Task objective: Could you repeat the data word for word while skipping the pictures?

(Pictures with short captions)
────────

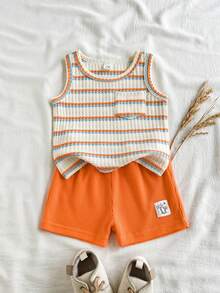 SHEIN Bộ áo vest không tay cổ tròn kẻ sọc cam và xanh dương cho bé trai mùa hè, phối cùng quần short cam, kiểu dáng năng động và dễ thương, phù hợp cho các hoạt động ngoài trời và những buổi tiệc vui vẻ. - Nhiều màu - Xem 4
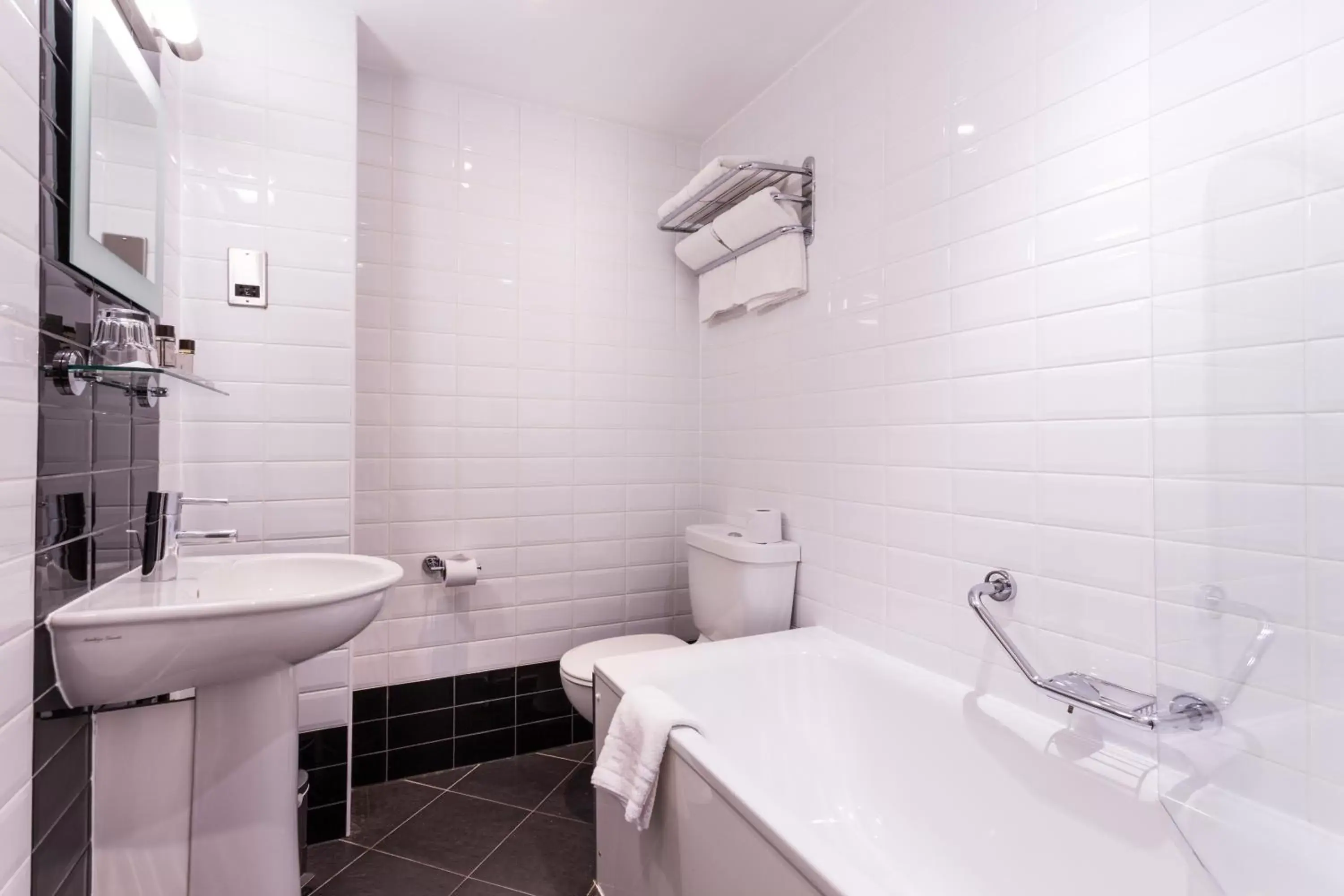 Bathroom in Royal Station Hotel- Part of the Cairn Collection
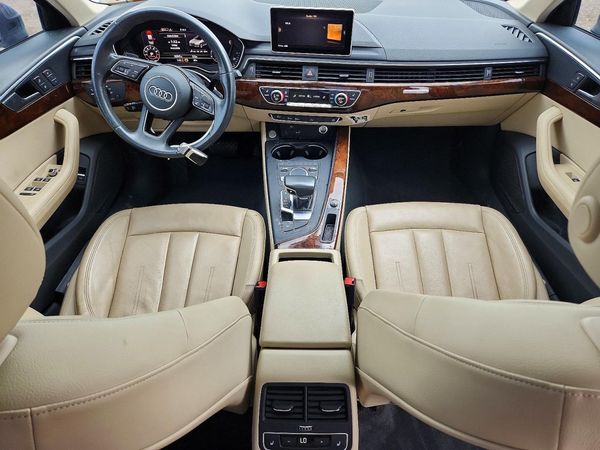 2019 AUDI A4 quattro Premium Plus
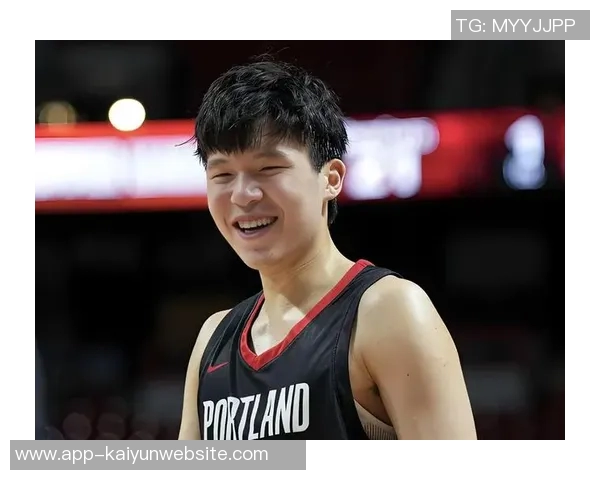 杨瀚森偏爱慢节奏与高位发牌但阿夫迪亚与夏普掌控球权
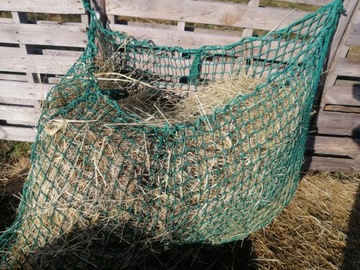 БОЛЬШАЯ ПРОЧНАЯ СЕТКА ДЛЯ СЕНА 150см x 100 ячеек 4,5x4,5 ушей ЧЕРНАЯ, 4 мм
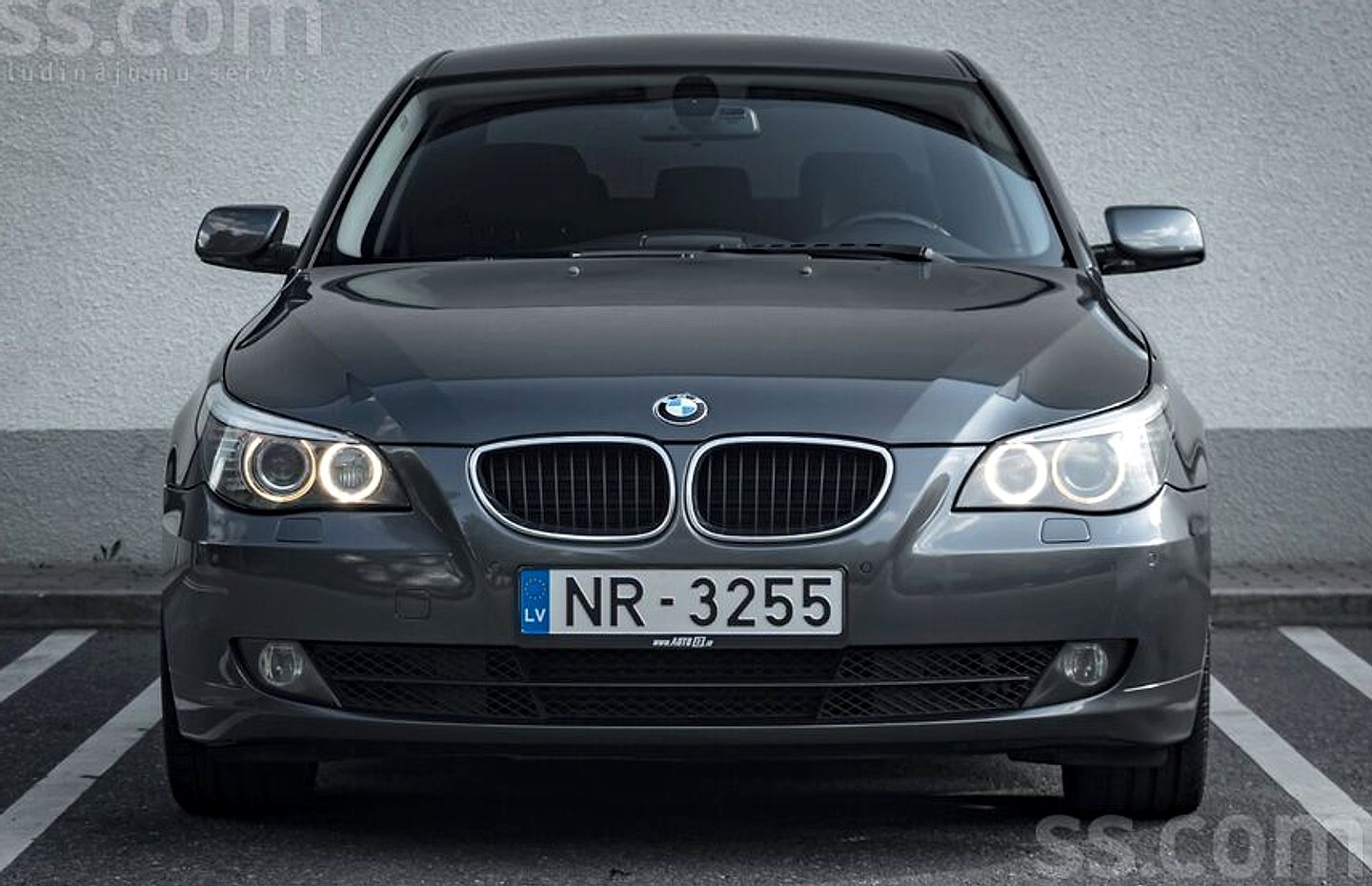 BMW 525 — foto 2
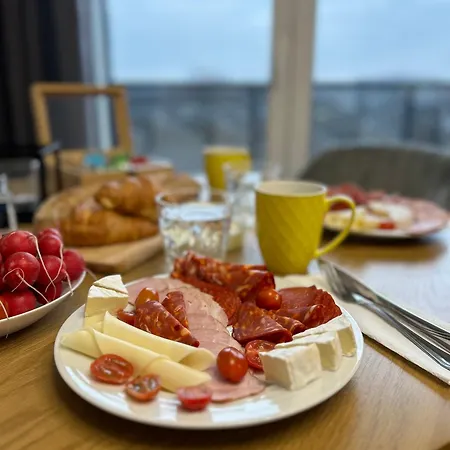 アパート Z Balkonem I Parkingiem ヴロツワフ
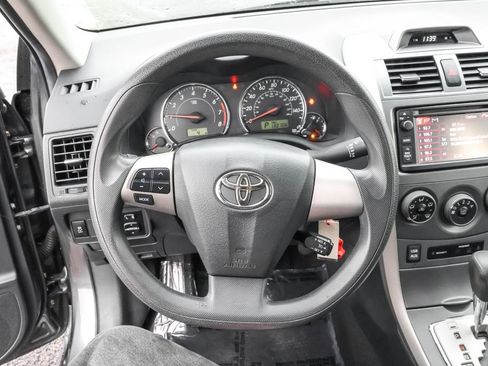 Used 2013 Toyota Corolla S FWD image 16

────────

Response to this exercise:
 SHEIN Bộ áo vest không tay cổ tròn kẻ sọc cam và xanh dương cho bé trai mùa hè, phối cùng quần short cam, kiểu dáng năng động và dễ thương, phù hợp cho các hoạt động ngoài trời và những buổi tiệc vui vẻ. - Nhiều màu - Xem 4
 Bathroom in Royal Station Hotel- Part of the Cairn Collection
 2019 AUDI A4 quattro Premium Plus
 杨瀚森偏爱慢节奏与高位发牌但阿夫迪亚与夏普掌控球权
 БОЛЬШАЯ ПРОЧНАЯ СЕТКА ДЛЯ СЕНА 150см x 100 ячеек 4,5x4,5 ушей ЧЕРНАЯ, 4 мм
 BMW 525 — foto 2
 アパート Z Balkonem I Parkingiem ヴロツワフ
 Used 2013 Toyota Corolla S FWD image 16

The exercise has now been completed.